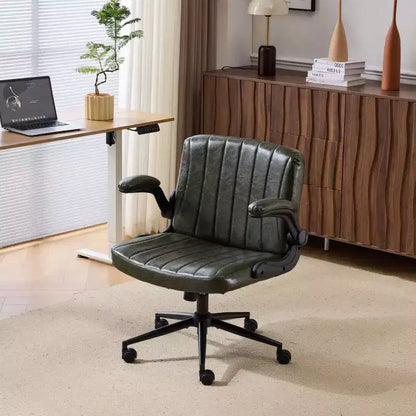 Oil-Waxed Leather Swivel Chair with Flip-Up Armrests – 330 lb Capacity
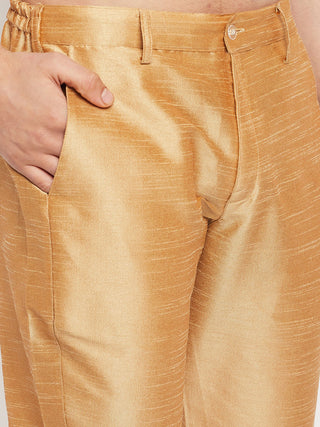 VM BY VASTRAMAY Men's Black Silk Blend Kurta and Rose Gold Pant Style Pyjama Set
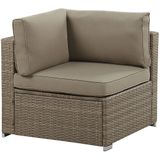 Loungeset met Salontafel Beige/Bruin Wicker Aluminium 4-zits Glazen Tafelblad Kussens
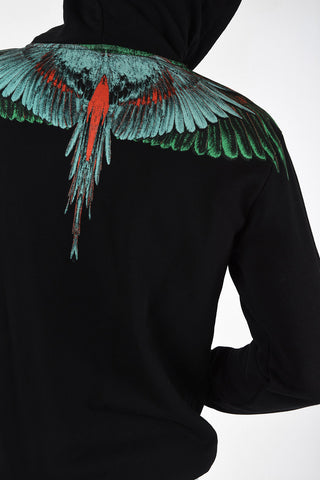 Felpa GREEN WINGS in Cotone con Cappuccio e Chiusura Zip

**What the task requires:**
Transcribe the whole listing exactly but exclude images.

**Answer section:**
 Oil-Waxed Leather Swivel Chair with Flip-Up Armrests – 330 lb Capacity
 VM BY VASTRAMAY Men's Black Silk Blend Kurta and Rose Gold Pant Style Pyjama Set
 Loungeset met Salontafel Beige/Bruin Wicker Aluminium 4-zits Glazen Tafelblad Kussens
 Felpa GREEN WINGS in Cotone con Cappuccio e Chiusura Zip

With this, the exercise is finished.